Her uncle came out from around the corner with a big grin at the brownies.

“Here,” she said, “I made these for you.”

“How sweet of you to remember,” said her aunt, who always seemed to be speaking in clichés.

“Won’t you come onto the porch and sit awhile?”

They sat in the comfortable wicker chairs and gazed out toward the lake and she watched Kildare Dobbs still fumbling with the hammock and staring in her direction. Finally, flustered and embarrassed, he walked straight toward the green back door of the cottage, letting it slam behind him as he went in.

Marsha giggled to herself as her aunt gave out grandmotherly advice.

“That boy has it real, real bad!” and they both laughed out loud.

Now, through all these years, Kildare Dobbs still had it bad for Marsha, but not bad enough to say or do any of the right things. Now, they were sitting in a restaurant, breaking up.

“Remember the days at the cottage?” she asked almost dreamily, breaking the silence and interrupting Dobbs who, wrapped in his thoughts, was busy dissecting a beet salad with his fork.

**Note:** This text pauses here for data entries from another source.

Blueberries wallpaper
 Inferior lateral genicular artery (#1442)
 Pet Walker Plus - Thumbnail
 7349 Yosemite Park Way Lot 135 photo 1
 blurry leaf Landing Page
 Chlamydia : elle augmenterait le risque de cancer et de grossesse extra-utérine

“Of course I do,” he answered.

“Well, then you will remember what I said to you then, and so this shouldn’t come as a surprise.”

Dobbs sat back, prepared for one of Marsha’s monologues, but he wasn’t prepared for the onslaught and vicious scolding he was about to receive.

“I told you then, and I’m telling you now. I’m getting out of here Kildare, once and for all. I’m through with my mother. I’m done with this small-town bullshit where everyone knows what color your underwear is for chrissake. But here’s the new part. I’m done with you too, Kildare. I’m done with you because you never give a shit about anything and getting anywhere and doing anything. I’ve got money. My own money from Daddy and I’m not going to let it go to waste sitting and waiting for you and your shitty newspaper. You’re just a small town, shitty….”

Tears were rolling down her face and Kildare Dobbs was feeling worse for her than he was for himself.

She threw down her fork and pushed away from the table as she stood.

“Fuck you, Kildare Dobbs,” she sobbed. “Fuck you, fuck my mother, and fuck everyone else.”

And she stalked out the front door.

Kildare Dobbs looked at his watch. 5:05, he thought. Thirty minutes.

“That didn’t take to long,” he said.